Wednesday 17 June 2015

Inflation free/jobs rich economy delivering above ‘normal’ rate of average real weekly pay growth despite flat-lining productivity – but this exceptional combo is unsustainable

The Office for National Statistics (ONS) has this morning released the latest set of UK labour market data, mostly covering the three months February to April 2015.

The strong labour market recovery continues. The number of people in work increased by 114,000 to 31.05 million in the quarter – despite public sector employment falling by a further 22,000 in Q1 to a new record low of 5.37 million on comparable figures - though against the backdrop of a rising population and an increase in the number of people participating in the labour market the employment rate dipped a little to 73.4%. According to the ONS’ quarterly workforce jobs measure, the service sectors as a whole averaged a rate of jobs growth of 2.2% in Q1 2015, compared with 1.3% in manufacturing, 0.4% in construction and 0.5% for the economy as a whole.  

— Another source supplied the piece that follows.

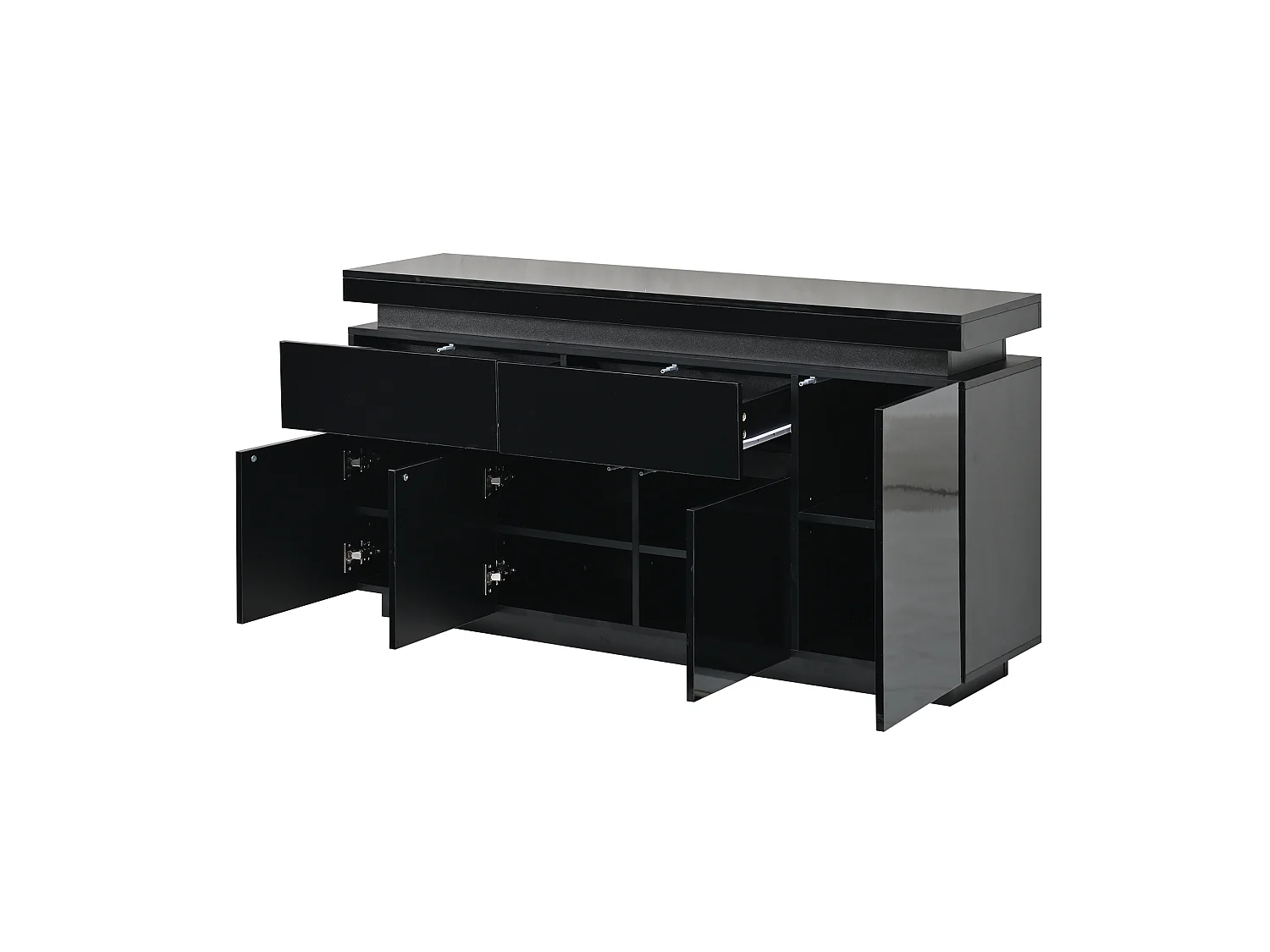 Buffet 140 x 35 x 72,5 cm - 2 tiroirs et 4 portes - éclairage LED - finition brillante - panneaux de particules - blanc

Unemployment meanwhile fell by a further 43,000, the unemployment rate down to 5.5 per cent, ever closer to the pre-recession low. With job vacancies also at a near record high the rate of growth of average weekly earnings growth (both including and excluding bonuses) has increased to 2.7 per cent, excluding bonuses faster than at any time since the depth of the recession in early 2009, against a backdrop of near zero CPI price inflation. Average weekly pay increased by 3.2% in the private sector and 1.0% in the public sector, the rate of growth being relatively strong in construction (4%) and wholesaling, retailing, hotels and restaurants (3.9%).  

For the time being therefore the UK economy is delivering more than what prior to the recession was considered a ‘normal’ rate of real wage growth of around 2.5% even though labour productivity is still effectively flat-lining.  However, this exceptional combination of circumstances is unsustainable. With price inflation at some point set to rise back toward 2% a continuation of real wage growth at the current rate will have to be earned by a return to a more normal rate of productivity growth; if not there will eventually be renewed upward pressure on prices and, ultimately, interest rates. In recent months UK workers have benefited from an economy merely mimicking a strong underlying recovery. We should enjoy this while we can. But a genuine sustained recovery will need to be based on higher productivity.